_SOURCE DATA:_
-=-=-=-=-

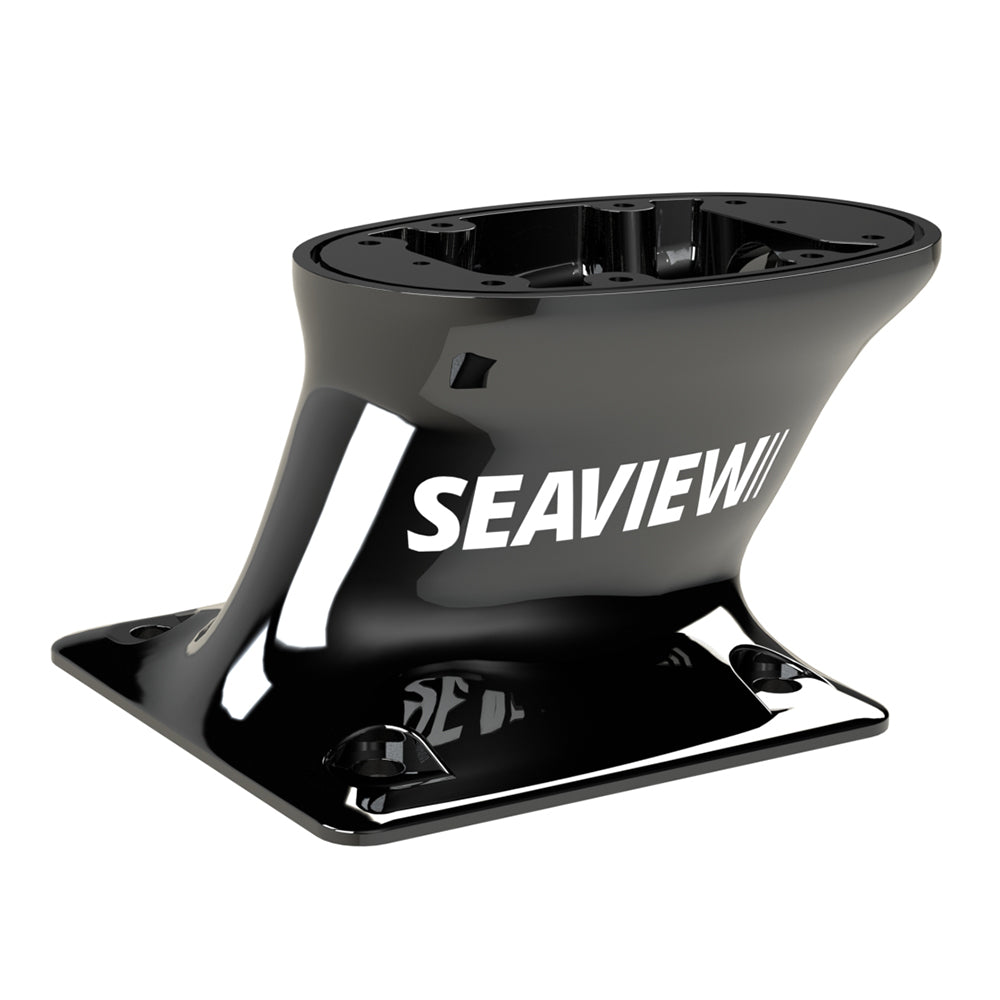 Seaview 5" modular radar/TV mount in black with aft raked 7x7 base and top plate, designed for secure installation.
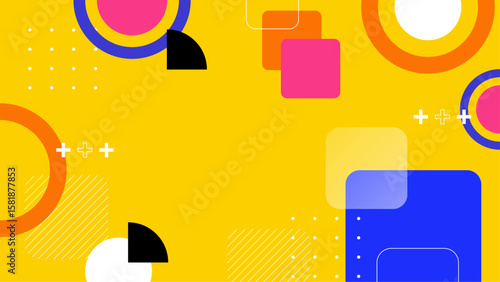 Colorful abstract geometric design suitable for backgrounds, prints, digital art, and graphic projects requiring modern, vibrant visuals. Bold and dynamic.
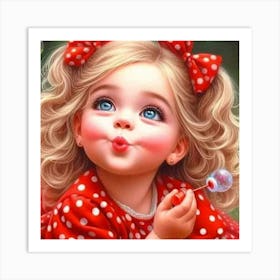 Little Girl Blowing Bubbles Art Print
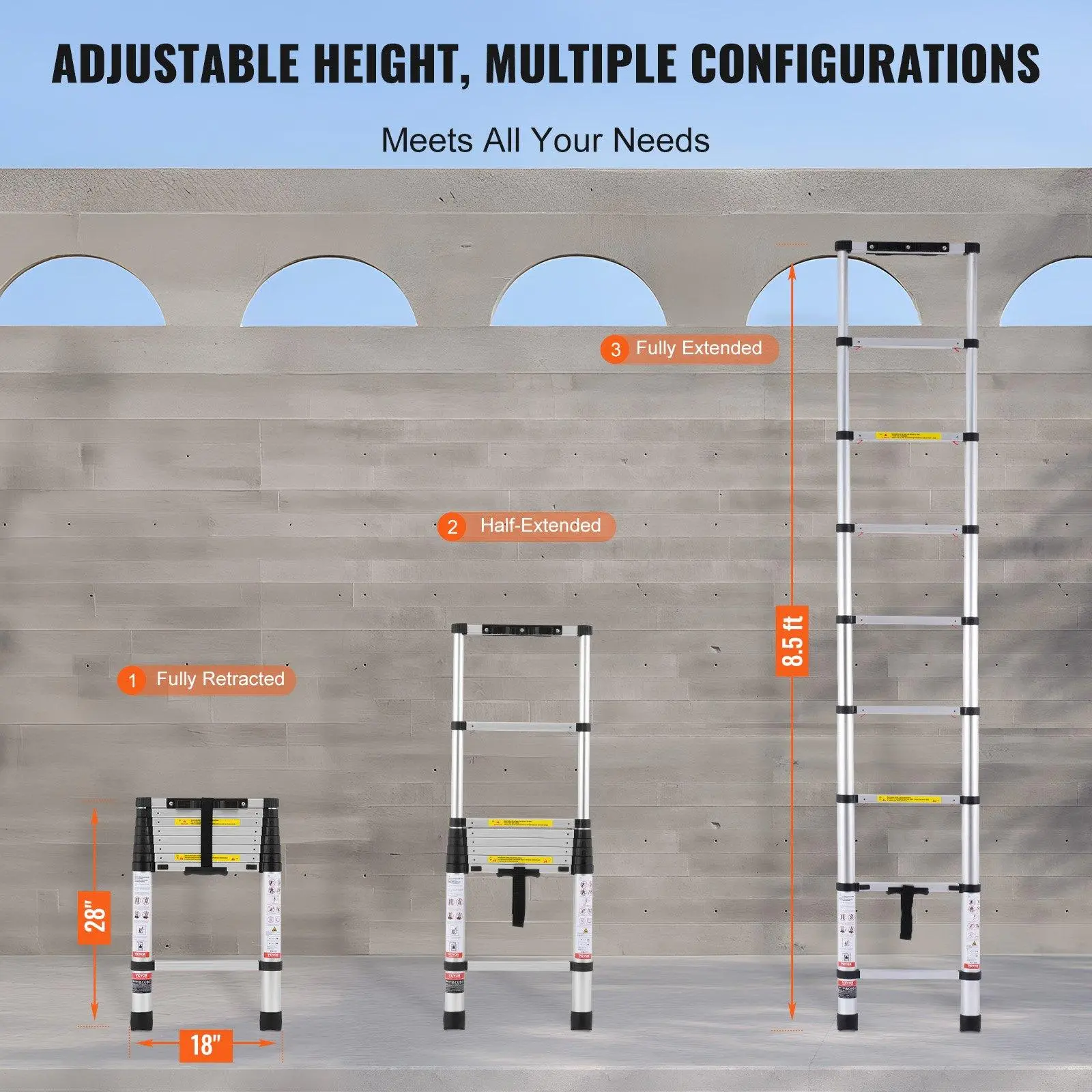 Telescoping Ladder, Aluminum Lightweight Multi-Purpose Collapsible Extension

-=-=-=-=-

_PROBLEM TO WORK ON:_ For this exercise, transcribe exactly only the lines from the one containing "Little Girl Blowing Bubbles Art Print" through the end of the listing, inclusive, without the pictures.

_ANSWER SECTION:_
 Little Girl Blowing Bubbles Art Print
 Telescoping Ladder, Aluminum Lightweight Multi-Purpose Collapsible Extension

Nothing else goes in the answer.